Punto tre. Servono regole severe perché i partiti e le persone che ne interpretano idee e progetti non deraglino dal perseguimento del bene comune e dal corretto uso delle risorse disponibili. Bisogna cioè dare urgentemente attuazione all’articolo 49 della Costituzione attraverso una legge che valga per tutti i partiti e stabilisca una volta per tutte finalità, entità e forme di gestione delle risorse. Sul particolare settore della gestione bisognerà individuare con precisione le responsabilità oggettive, affinché non succedano più questi ridicoli giochi a rimpiattino e scaricabarile conditi da subitanee individuazioni di capri espiatori.
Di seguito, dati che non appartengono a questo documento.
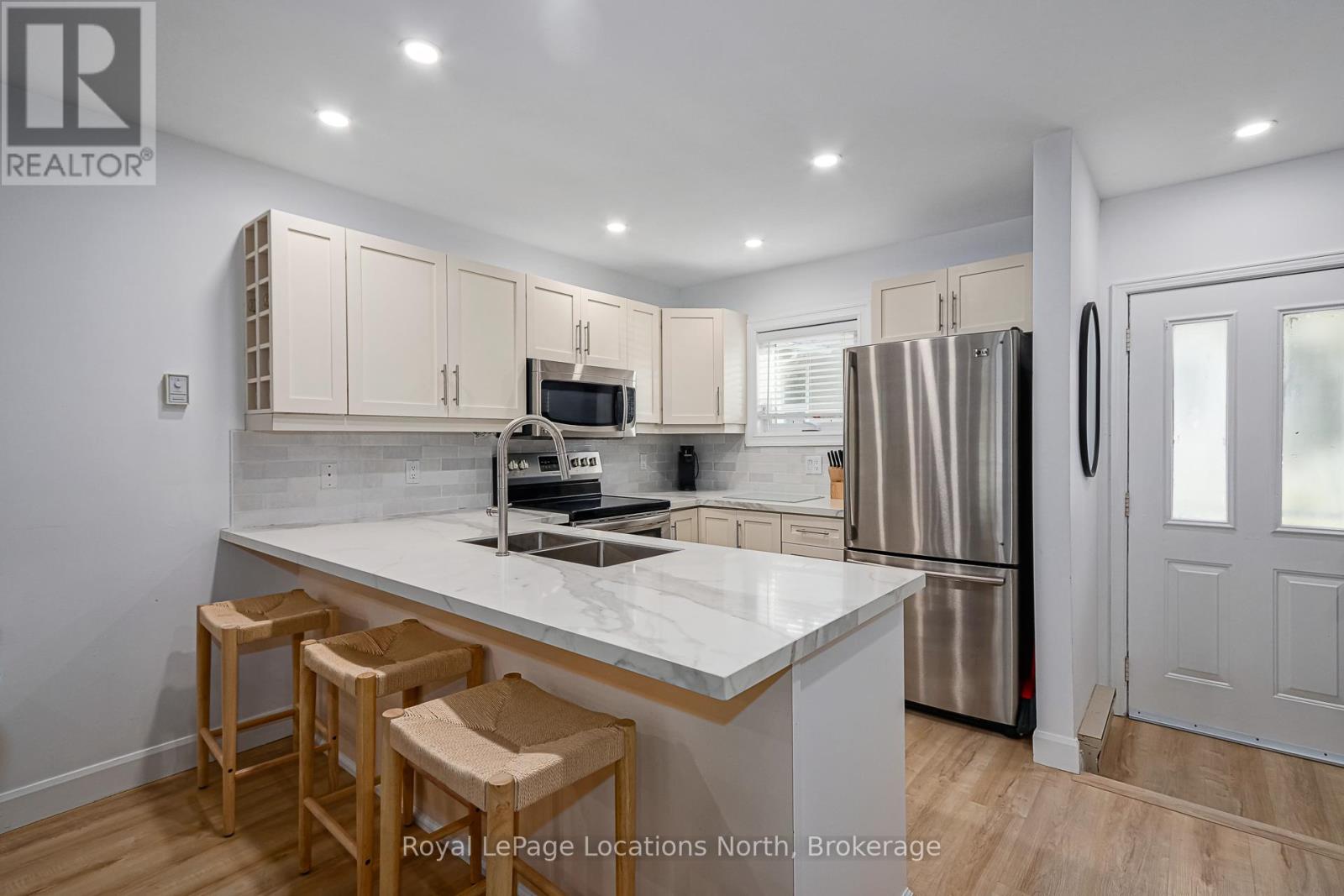 69 - 100 ALICE STREET W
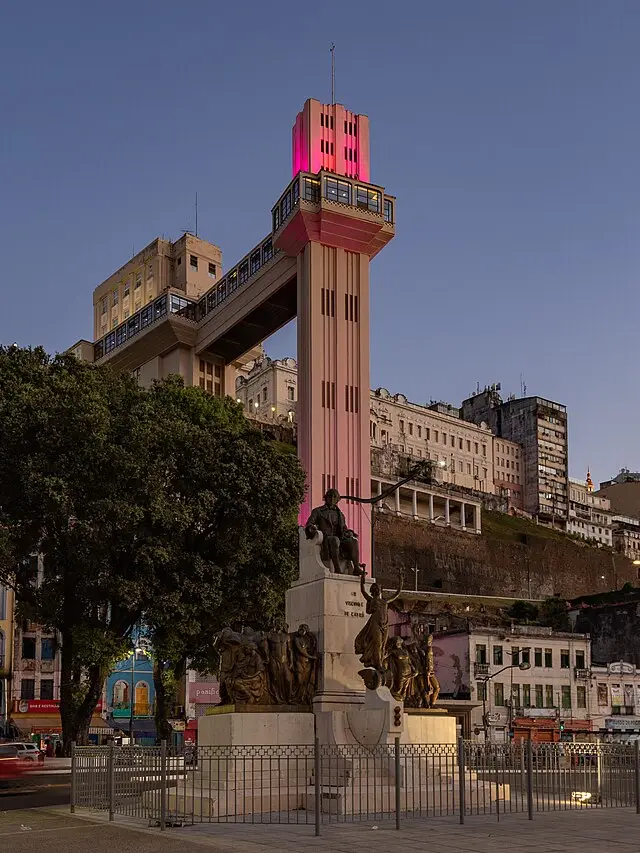 Vai ao centenário de Divaldo Franco em Salvador? Checklist de ingresso, idade mínima, reembolso e bagagem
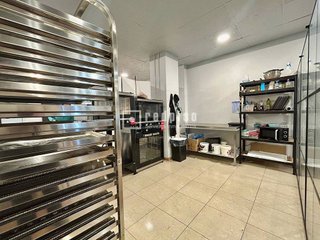 Local comercial en alquiler en La Nova Esquerra de l'Eixample en Barcelona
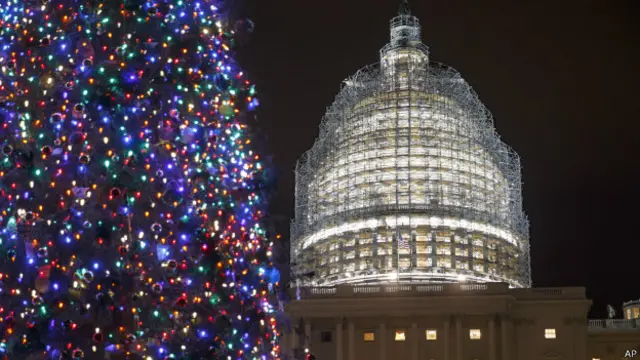 Законопроект был принят за два с половиной часа до истечения крайнего срока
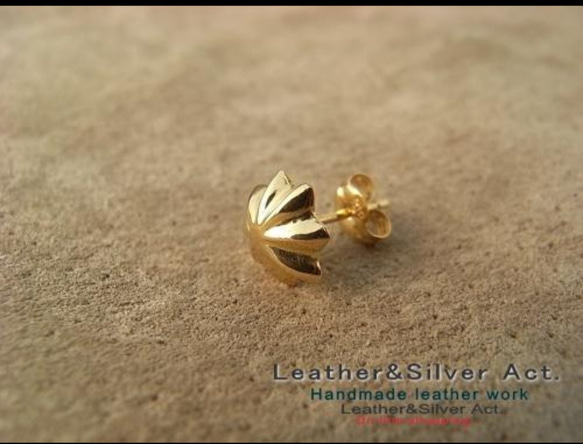ハンドメイド　ピアスゴールド（ｋ18）アポロコンチョゴールドピアス ポストピアス ハンドメイド ピアスゴールド（k18）アポロコンチョゴールド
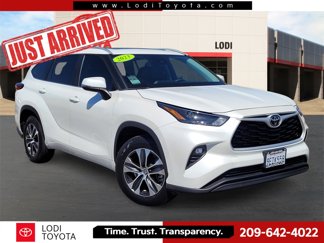 Used 2023 Toyota Highlander XLE image 1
In particolare, sulla situazione creatasi in più d’un partito e sull’entità dei cosiddetti rimborsi elettorali, sono del parere che già questi surplus vadano restituiti ai cittadini, a quegli stessi cittadini che stanno dando il sangue e guardano con disprezzo quelle categorie tanto ingiustamente salvaguardate. Non solo i politici.
Punto quattro. La legge sui partiti dovrà poi entrare nel merito della democrazia interna, ma questo è un discorso che mi porterebbe lontano, per cui, per oggi, basta così.
P.S. E comunque sul tema è intervenuto anche Carlo Galli su Repubblica con argomenti assai più convincenti.